Architecture March 21, 2026 ⏱ 5 min read

Saga Pattern: Managing Distributed Transactions Without 2PC

Distributed transactions are hard. The Saga pattern breaks them into a sequence of local transactions with compensating actions, avoiding the pitfalls of Two-Phase Commit.

sagadistributed-systemsmicroservicestransactionsarchitecture

In a monolithic application, a database transaction is simple: you either commit everything or roll everything back. But in a microservices architecture, a single business operation can span multiple services, each with its own database. How do you maintain consistency without locking all those databases together?

The answer most people reach for first is Two-Phase Commit (2PC). The answer they should reach for is the Saga pattern.

Why 2PC Falls Apart in Microservices

Two-Phase Commit works by having a coordinator ask all participants to prepare (phase 1), then commit (phase 2). It sounds clean, but it has serious problems at scale:

Blocking: all participants are locked until the coordinator confirms
Single point of failure: if the coordinator crashes mid-transaction, participants are stuck
Tight coupling: all services must speak the same distributed transaction protocol
Poor availability: under network partitions, you can’t proceed

In microservices, you trade some consistency guarantees for availability and autonomy.

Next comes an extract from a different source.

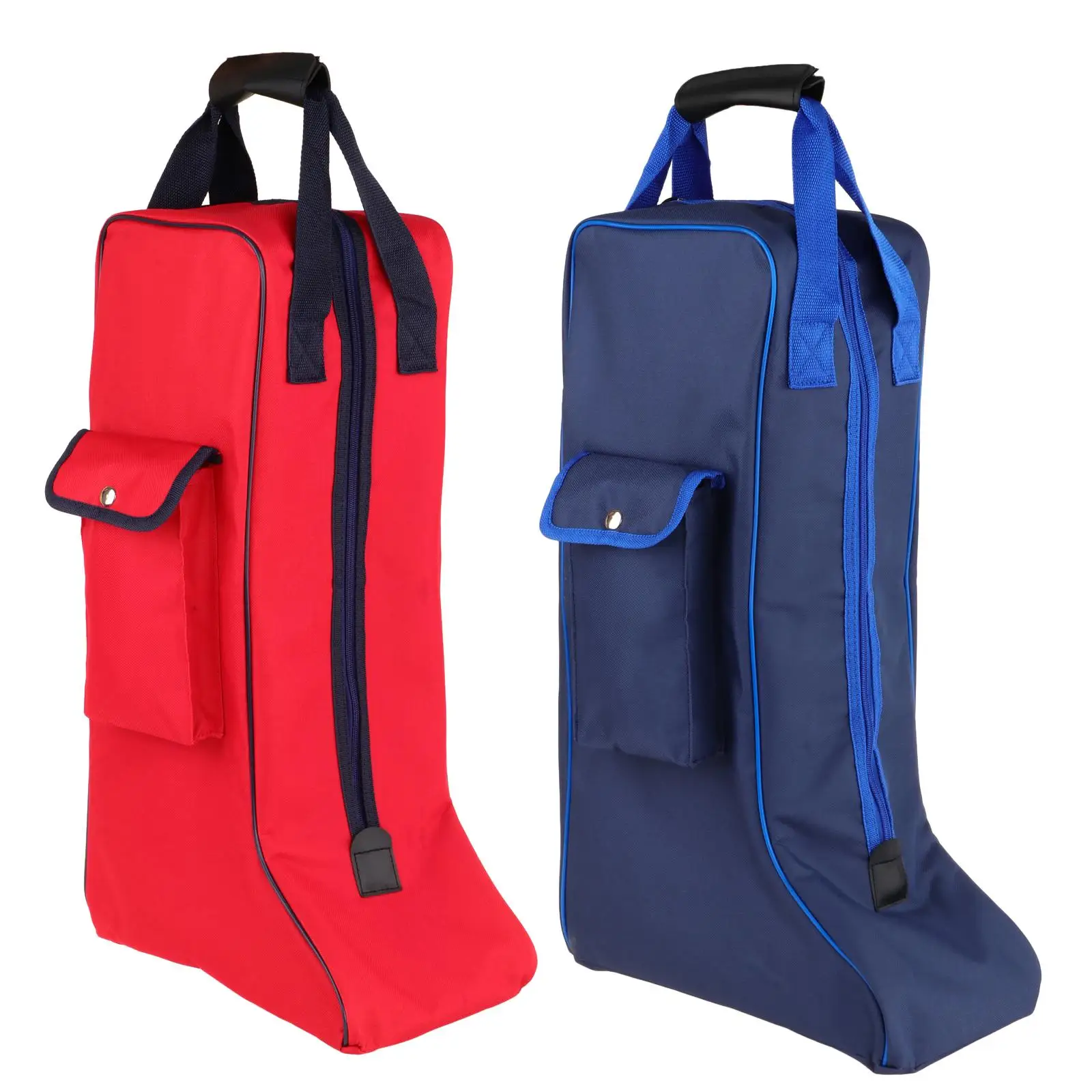 Horse Riding Long Boot Bag Oxford Fabric for Camping Shoes Storage Bag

The Saga pattern is designed for exactly that tradeoff.

What Is the Saga Pattern?

A Saga is a sequence of local transactions. Each step updates one service’s database and publishes an event or message. If a step fails, the saga executes compensating transactions to undo the work done by previous steps.

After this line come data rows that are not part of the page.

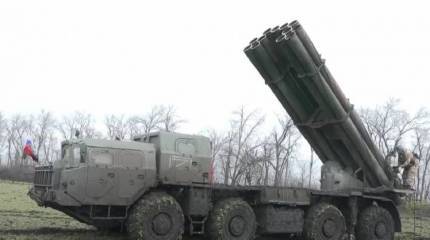 Минобороны РФ: Российские войска уничтожили склады боеприпасов бригады спецназа ВСУ у Волчанска и Огурцово в Харьковской области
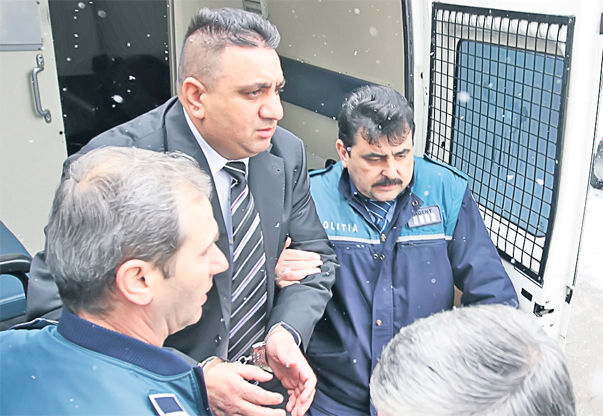 Bercea Mondial se aflå în prezent în arestul Poliției Olt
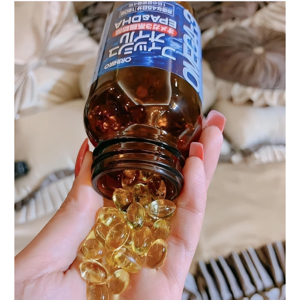 Dầu cá Omega 3 Orihiro (hộp 180 viên)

Think of it like a coordinated series of reversible steps:

Step 1: Create Order      → success → trigger Step 2
Step 2: Reserve Inventory → success → trigger Step 3
Step 3: Charge Payment    → FAILURE → trigger Compensation
Compensation 2: Release Inventory
Compensation 1: Cancel Order

No global lock. No coordinator holding everything hostage. Just events and compensations.

Two Flavors: Choreography vs Orchestration

Choreography

Each service listens for events and reacts accordingly. There’s no central brain.

// OrderService
async function createOrder(orderData: OrderData) {
  const order = await db.orders.create({ ...orderData, status: 'PENDING' });
  await eventBus.publish('order.created', { orderId: order.id, items: order.items });
  return order;
}

// InventoryService listens to 'order.created'
eventBus.on('order.created', async ({ orderId, items }) => {
  const reserved = await reserveItems(items);
  if (reserved) {
    await eventBus.publish('inventory.reserved', { orderId });
  } else {
    await eventBus.publish('inventory.failed', { orderId });
  }
});

// PaymentService listens to 'inventory.reserved'
eventBus.on('inventory.reserved', async ({ orderId }) => {
  const order = await getOrder(orderId);
  const charged = await chargePayment(order.customerId, order.total);
  if (charged) {
    await eventBus.publish('payment.completed', { orderId });
  } else {
    await eventBus.publish('payment.failed', { orderId });
  }
});

// OrderService listens to compensating events
eventBus.on('payment.failed', async ({ orderId }) => {
  await db.orders.update(orderId, { status: 'CANCELLED' });
  await eventBus.publish('order.cancelled', { orderId });
});

// InventoryService listens to 'order.cancelled' to release stock
eventBus.on('order.cancelled', async ({ orderId }) => {
  await releaseReservedItems(orderId);
});

Pros: fully decoupled, no single point of failure
Cons: hard to track overall saga state, logic scattered across services

Orchestration

A central orchestrator tells each service what to do and handles failures.

class OrderSagaOrchestrator {
  async execute(orderData: OrderData): Promise<void> {
    let orderId: string | null = null;
    let inventoryReserved = false;

    try {
      // Step 1
      const order = await orderService.createOrder(orderData);
      orderId = order.id;

      // Step 2
      await inventoryService.reserve(order.items);
      inventoryReserved = true;

      // Step 3
      await paymentService.charge(order.customerId, order.total);

      // All good
      await orderService.confirm(orderId);
    } catch (error) {
      // Compensate in reverse order
      if (inventoryReserved) {
        await inventoryService.release(orderId!);
      }
      if (orderId) {
        await orderService.cancel(orderId);
      }
      throw error;
    }
  }
}

Pros: clear workflow, easy to track state, easier to debug
Cons: orchestrator becomes a dependency, slight coupling

Handling Idempotency

Since sagas rely on messaging (which can deliver events more than once), every step must be idempotent — running it twice should produce the same result.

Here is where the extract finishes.